OSPERT 2007 START Conference Manager    

Coordinated Allocation and Scheduling of Multiple Resources in Real-time Operating Systems

Kartik Gopalan and Kyoung-Don Kang

Workshop on Operating Systems Platforms for Embedded Real-Time applications (OSPERT 2007)
Pisa, Italy, July 3, 2007


Summary

Distributed real-time embedded (DRE) systems are key components of critical infrastructure including surveillance, target tracking, electric grid management, traffic control, avionics, and communications systems. They require (1)the coordinated management of multiple resources, such as the CPU, network, and disk, (2)end-to-end (E2E) real-time guarantees across the use of multiple resources, and (3)feedback control across multiple resources. None of these properties is supported as a first-class feature within the state-of-the-art real-time operating systems, but is left out as an inconvenient detail to be managed by DRE application programmers. In this paper, we shed light on this fundamental problem and make the case for greater research into the development of theory and a runtime systems for coordinated allocation and scheduling of multiple resources in real-time operating systems. We present the outlines of our proposed solution approach, called the Multiple Resource Allocation and Scheduling (MURALS) framework, that aims to bridge this gap between the need for E2E timing requirements and the techniques to coordinate the use of multiple resources.
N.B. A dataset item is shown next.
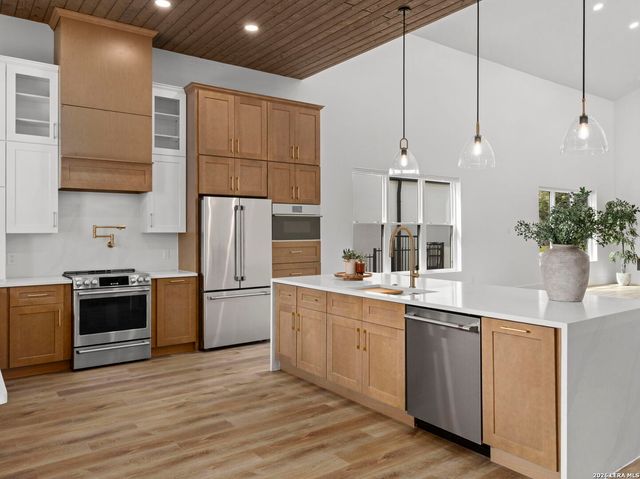 22115 Touring Ln, San Antonio, TX 78257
We discuss four key open research problems and possible solution strategies: (1)deadline partitioning techniques during admission control to efficiently partition E2E deadlines among multiple underlying resources, (2)explicit coordination among schedulers for multiple resources at runtime to guarantee the E2E deadlines, (3)statistical performance guarantees using measurement-based techniques that exploit the statistical multiplexing nature of resource usage and different tolerance levels to QoS violations, and (4)feedback control across multiple resources using control theoretic techniques to regulate QoS overshoot and settling time. We also outline our ongoing design and implementation of a proof-of-concept MURALS testbed that includes kernel-level coordinated multi-resource allocation and scheduling, measurement-based mapping of high-level QoS to low-level resources, and feedback control in addition to declarative APIs for E2E timing specification and QoS negotiation.